After others tried, Fecher made it up the rope a couple more times, going a little higher each time.
Suddenly, she wasn't that nervous-looking novice who had just walked through the doors 20 minutes earlier.
Now, hands on hips, her cheeks flushed, Fecher looked confident and strong, like a woman who knew she was powerful.
"I was surprised I was able to get myself up," Fecher said after class ended. "I really was very happy with what I was able to do."
And that, says Shana Kennedy, director and founder of the Philadelphia School of Circus Arts, is what this is all about.
It's not just grown-ups trying to recapture a childhood fantasy of running off to join the circus.
Sure, for some students, that fantasy is part of the attraction. But for others, it's about exercising and staying in shape in a way that's more fun than pounding a treadmill.
And it's about pushing one's body and mind beyond self-imposed limits.
"For me, circus is about people, not animals," said Kennedy, 33. "It's about human potential, and discovering what the human body is capable of.

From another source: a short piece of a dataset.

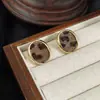 Aretes Estampado Leopardo Aguja Plateada Ovalados Nuevos Retro Estilo de Lujo Diseño de Nicho Aretes de Alta Gama para Mujer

"Here at the circus school we're achieving the impossible every day, challenging ourselves to do more amazing things all the time.
"It is the essence of life!"
Kennedy's path to circus arts started when she was about 12. On a family vacation she saw a unicycle for sale, probably at a yard sale, and asked her parents to buy it.

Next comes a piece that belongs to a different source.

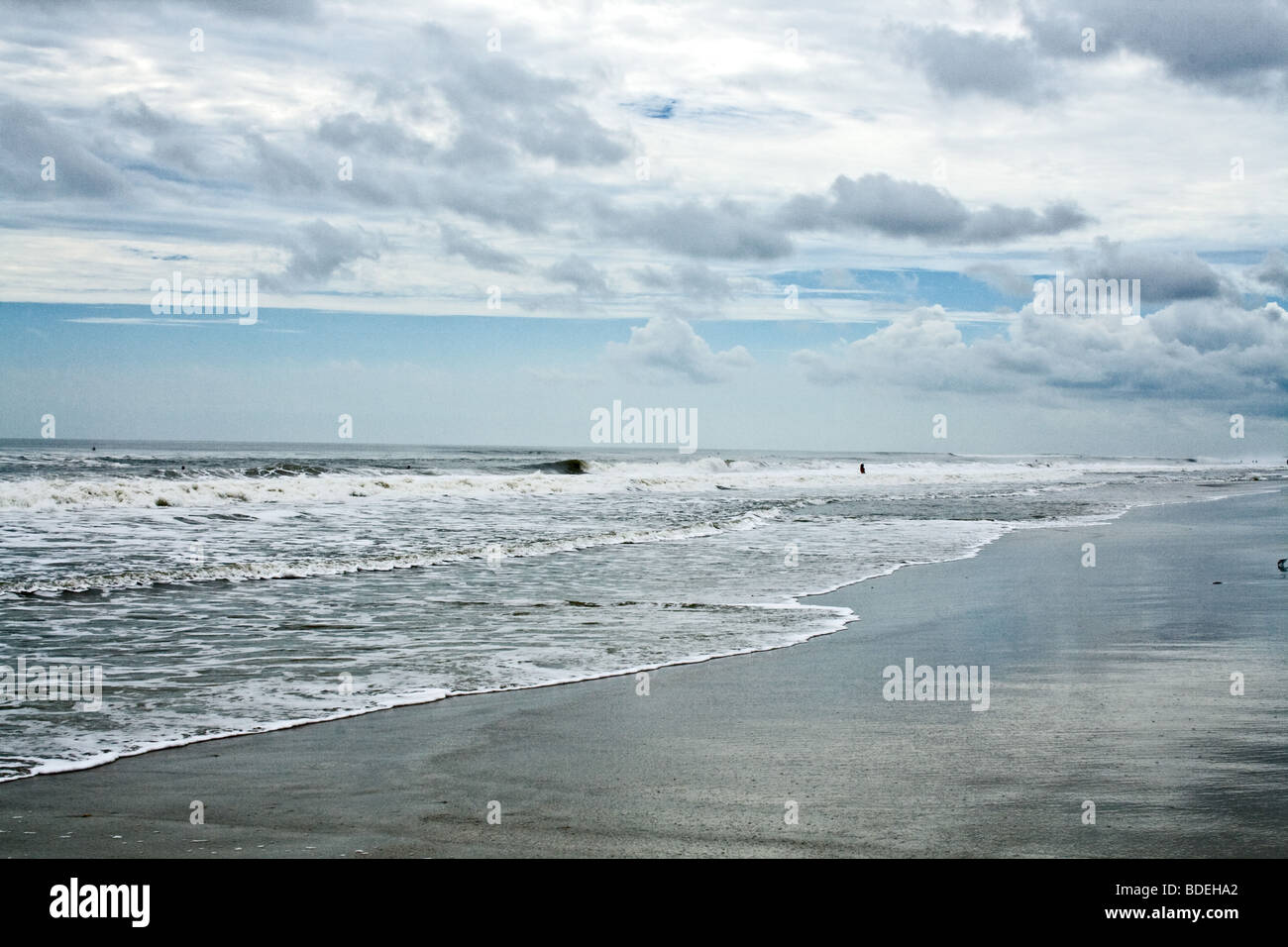 Meerblick mit strahlend blauem Himmel unter geschwollenen weißen Wolken in Jacksonville Beach. Florida Stockfoto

They refused. And Shana sulked until she and her family returned home to Natick, Mass., the story goes.
Not one to give up, Kennedy searched and searched the want ads until she found a unicycle for sale.

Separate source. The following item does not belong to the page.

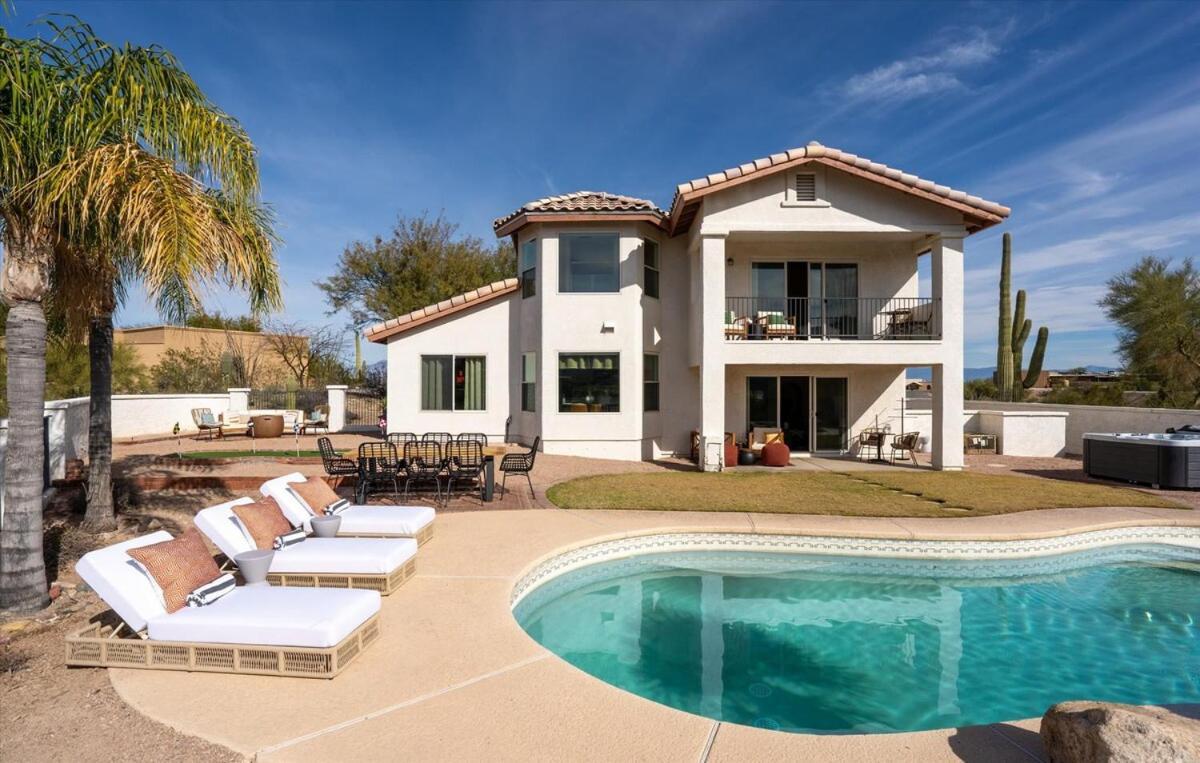 Casa De Oro 360 Desert Views Hot Tub Pool Holiday home *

This time, her parents gave in. And after about a year of practice, Shana got pretty good at it.
She took up juggling in high school. Her parents went along with it as long as the National Merit Scholar promised to complete college.
She did, but not without taking a year off to study circus arts in Bristol, England.
It was during her college years - she graduated from George Washington University, in Washington, D.C. - that she met her future husband, Greg Kennedy, at a juggling convention in Philadelphia.
He has an engineering degree from Drexel, but works as a world-class juggler who performs and competes around the world.
Shana Kennedy knew that the life of performance and constant travel didn't suit her personality. Plus, in the space of six years she had three children, son Baz, born in 2003, and then sisters Ayla, now 4, and Isa, 2.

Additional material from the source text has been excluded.